▶ **ACTION ITEM**: Once you have read the listing, print all of it word for word.

※ ※ ※

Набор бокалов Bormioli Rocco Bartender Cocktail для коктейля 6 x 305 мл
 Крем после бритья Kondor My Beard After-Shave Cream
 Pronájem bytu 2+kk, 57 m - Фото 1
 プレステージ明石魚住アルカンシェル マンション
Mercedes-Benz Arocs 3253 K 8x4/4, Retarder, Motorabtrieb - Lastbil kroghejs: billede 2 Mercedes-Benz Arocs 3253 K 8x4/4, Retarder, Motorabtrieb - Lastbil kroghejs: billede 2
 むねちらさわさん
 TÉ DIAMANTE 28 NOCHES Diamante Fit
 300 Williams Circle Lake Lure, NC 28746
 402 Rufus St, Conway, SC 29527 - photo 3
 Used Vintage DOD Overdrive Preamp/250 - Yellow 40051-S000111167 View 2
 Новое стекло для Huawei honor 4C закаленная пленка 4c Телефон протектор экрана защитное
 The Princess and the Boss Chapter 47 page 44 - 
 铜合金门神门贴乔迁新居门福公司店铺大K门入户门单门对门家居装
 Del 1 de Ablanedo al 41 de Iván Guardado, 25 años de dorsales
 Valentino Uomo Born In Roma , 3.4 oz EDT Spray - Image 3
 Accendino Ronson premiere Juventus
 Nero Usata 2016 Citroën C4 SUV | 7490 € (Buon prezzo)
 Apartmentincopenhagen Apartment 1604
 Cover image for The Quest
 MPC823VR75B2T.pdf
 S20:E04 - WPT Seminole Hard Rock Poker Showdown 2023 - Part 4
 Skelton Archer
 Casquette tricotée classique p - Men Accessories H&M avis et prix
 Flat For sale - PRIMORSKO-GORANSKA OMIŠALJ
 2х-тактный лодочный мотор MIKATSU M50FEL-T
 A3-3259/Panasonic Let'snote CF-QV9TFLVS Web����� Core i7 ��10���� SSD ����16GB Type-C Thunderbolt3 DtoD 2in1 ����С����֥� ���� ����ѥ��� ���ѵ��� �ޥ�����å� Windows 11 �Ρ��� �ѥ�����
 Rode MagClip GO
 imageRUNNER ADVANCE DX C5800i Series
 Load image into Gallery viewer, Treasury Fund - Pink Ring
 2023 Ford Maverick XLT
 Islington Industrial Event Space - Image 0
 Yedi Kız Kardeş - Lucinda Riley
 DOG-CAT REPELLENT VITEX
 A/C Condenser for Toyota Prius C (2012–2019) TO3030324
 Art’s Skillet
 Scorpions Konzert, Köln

※ ※ ※

▶ **TASK RESULT**:
Набор бокалов Bormioli Rocco Bartender Cocktail для коктейля 6 x 305 мл
 Крем после бритья Kondor My Beard After-Shave Cream
 Pronájem bytu 2+kk, 57 m - Фото 1
 プレステージ明石魚住アルカンシェル マンション
Mercedes-Benz Arocs 3253 K 8x4/4, Retarder, Motorabtrieb - Lastbil kroghejs: billede 2 Mercedes-Benz Arocs 3253 K 8x4/4, Retarder, Motorabtrieb - Lastbil kroghejs: billede 2
 むねちらさわさん
 TÉ DIAMANTE 28 NOCHES Diamante Fit
 300 Williams Circle Lake Lure, NC 28746
 402 Rufus St, Conway, SC 29527 - photo 3
 Used Vintage DOD Overdrive Preamp/250 - Yellow 40051-S000111167 View 2
 Новое стекло для Huawei honor 4C закаленная пленка 4c Телефон протектор экрана защитное
 The Princess and the Boss Chapter 47 page 44 - 
 铜合金门神门贴乔迁新居门福公司店铺大K门入户门单门对门家居装
 Del 1 de Ablanedo al 41 de Iván Guardado, 25 años de dorsales
 Valentino Uomo Born In Roma , 3.4 oz EDT Spray - Image 3
 Accendino Ronson premiere Juventus
 Nero Usata 2016 Citroën C4 SUV | 7490 € (Buon prezzo)
 Apartmentincopenhagen Apartment 1604
 Cover image for The Quest
 MPC823VR75B2T.pdf
 S20:E04 - WPT Seminole Hard Rock Poker Showdown 2023 - Part 4
 Skelton Archer
 Casquette tricotée classique p - Men Accessories H&M avis et prix
 Flat For sale - PRIMORSKO-GORANSKA OMIŠALJ
 2х-тактный лодочный мотор MIKATSU M50FEL-T
 A3-3259/Panasonic Let'snote CF-QV9TFLVS Web����� Core i7 ��10���� SSD ����16GB Type-C Thunderbolt3 DtoD 2in1 ����С����֥� ���� ����ѥ��� ���ѵ��� �ޥ�����å� Windows 11 �Ρ��� �ѥ�����
 Rode MagClip GO
 imageRUNNER ADVANCE DX C5800i Series
 Load image into Gallery viewer, Treasury Fund - Pink Ring
 2023 Ford Maverick XLT
 Islington Industrial Event Space - Image 0
 Yedi Kız Kardeş - Lucinda Riley
 DOG-CAT REPELLENT VITEX
 A/C Condenser for Toyota Prius C (2012–2019) TO3030324
 Art’s Skillet
 Scorpions Konzert, Köln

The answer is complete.